General · Java · Spring

Throttling and Quota Management

Statement

With the initiative of Company’s API-First approach, Service is moving faster towards Self-Service mode.  In this world of APIs, there is no limit to access your resources henceforth in the interest of developers and customers, We have decided to limit the access to POS APIs. And that’s how the idea of throttling and user quota came into picture and we want to implement the same in Service.

API Throttling

  • API Throttling is a way by which we can control on the usage of APIs by different clients and developers.
  • Generally it is measured in terms of Requests per Sec/Minute/Hour/Day/Week/Month/Year etc.
  • One can associate the throttling on behalf of Request Type (POST/PUT/GET), API end point etc.
  • When the configures limit is exceeded, user gets message saying “Too many requests” with Response status code as 429.

There are mainly 2 types of throttling :

Soft: In this type, when the number of API requests exceeds the configured percentage of throttle limit (70 or 80), service is supposed to send the alert to the user.

Hard: In this type, the number of API requests can’t exceed the configured threshold limit.

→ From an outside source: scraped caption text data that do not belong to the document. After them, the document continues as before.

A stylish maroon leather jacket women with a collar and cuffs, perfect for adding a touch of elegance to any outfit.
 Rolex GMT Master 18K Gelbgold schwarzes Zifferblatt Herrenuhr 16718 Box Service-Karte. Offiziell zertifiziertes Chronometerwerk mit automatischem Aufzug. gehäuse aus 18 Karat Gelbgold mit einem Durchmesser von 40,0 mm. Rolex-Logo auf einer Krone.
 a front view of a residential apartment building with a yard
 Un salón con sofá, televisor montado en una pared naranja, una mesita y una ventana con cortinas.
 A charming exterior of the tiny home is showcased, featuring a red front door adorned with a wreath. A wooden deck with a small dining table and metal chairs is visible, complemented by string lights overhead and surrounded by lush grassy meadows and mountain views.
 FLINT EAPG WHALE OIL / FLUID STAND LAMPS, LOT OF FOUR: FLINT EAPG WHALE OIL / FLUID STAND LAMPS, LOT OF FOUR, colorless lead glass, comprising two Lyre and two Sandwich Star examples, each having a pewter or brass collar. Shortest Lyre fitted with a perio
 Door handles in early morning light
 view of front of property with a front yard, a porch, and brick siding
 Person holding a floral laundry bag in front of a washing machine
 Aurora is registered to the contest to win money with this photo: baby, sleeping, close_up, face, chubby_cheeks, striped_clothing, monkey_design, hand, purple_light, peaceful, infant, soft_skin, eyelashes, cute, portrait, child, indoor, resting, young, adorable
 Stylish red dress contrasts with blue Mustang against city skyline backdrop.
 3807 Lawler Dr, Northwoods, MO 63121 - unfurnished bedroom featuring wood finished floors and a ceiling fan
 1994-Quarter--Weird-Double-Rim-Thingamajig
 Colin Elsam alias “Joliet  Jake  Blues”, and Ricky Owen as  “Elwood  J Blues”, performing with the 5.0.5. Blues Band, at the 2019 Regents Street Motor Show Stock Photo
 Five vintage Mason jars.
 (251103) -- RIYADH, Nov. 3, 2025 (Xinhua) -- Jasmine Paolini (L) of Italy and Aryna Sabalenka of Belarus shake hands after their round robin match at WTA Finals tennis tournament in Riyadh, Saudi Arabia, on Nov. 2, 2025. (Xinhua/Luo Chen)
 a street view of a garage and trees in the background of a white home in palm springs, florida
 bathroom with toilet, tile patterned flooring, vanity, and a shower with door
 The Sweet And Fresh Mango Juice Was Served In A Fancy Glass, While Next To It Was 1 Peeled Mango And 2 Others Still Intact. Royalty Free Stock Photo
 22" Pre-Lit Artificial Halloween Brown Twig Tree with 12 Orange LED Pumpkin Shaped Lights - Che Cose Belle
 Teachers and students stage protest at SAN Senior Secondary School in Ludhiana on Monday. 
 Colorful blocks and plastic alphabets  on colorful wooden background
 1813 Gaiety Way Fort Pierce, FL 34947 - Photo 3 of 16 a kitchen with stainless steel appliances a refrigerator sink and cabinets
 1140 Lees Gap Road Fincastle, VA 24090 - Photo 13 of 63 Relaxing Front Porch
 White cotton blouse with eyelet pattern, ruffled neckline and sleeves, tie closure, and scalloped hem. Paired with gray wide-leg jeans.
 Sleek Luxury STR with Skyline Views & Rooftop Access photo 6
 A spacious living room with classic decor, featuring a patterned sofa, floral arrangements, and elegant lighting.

In the Dropwizard application, we can implement the same using RateLimiter Class or @Throttling annotation. This mechanism is designed to have very low overhead, counts the number of requests made with the token in the throttling time period and compares this with the allowed number of requests. If an access token is throttled, requests using it are denied access until a full throttling period passes, after which it can begin accessing the API again with zero throttling count.

User Quota Management 

  • User Quota is somewhat similar to the API Throttling but applies to the collection of client keys like x-api-key.
  • The quota limit varies from client to client depending on their load and requirements.
  • Once quota is full, it requires an automatic or manual reset to allow any subsequent requests with a given API key.
  •  it is also measured in terms of Requests per Sec/Minute/Hour/Day/Week/Month/Year etc.
  • Generally when both the quota and throttling are configured for a client, API Gateway first applies throttling conditions, and based on whether the request was successful, increases the quota count for the API key.

Monitoring and Alerting

Once Throttling and User Quota is enabled in service, we can push these metrics through Observability and same can be seen on the Grafana Dashboards. There, we can can have alerting mechanism in the form of mail/slack when certain throttling or quota limit is exceeded for the clients.

Note* Companies have its own throttling policies. So as soon as request is made on the application, it is firstly routed through company’s gateway and certain throttling rules are applied there only. Application API throttling policies will fall after comapany’s throttling policies.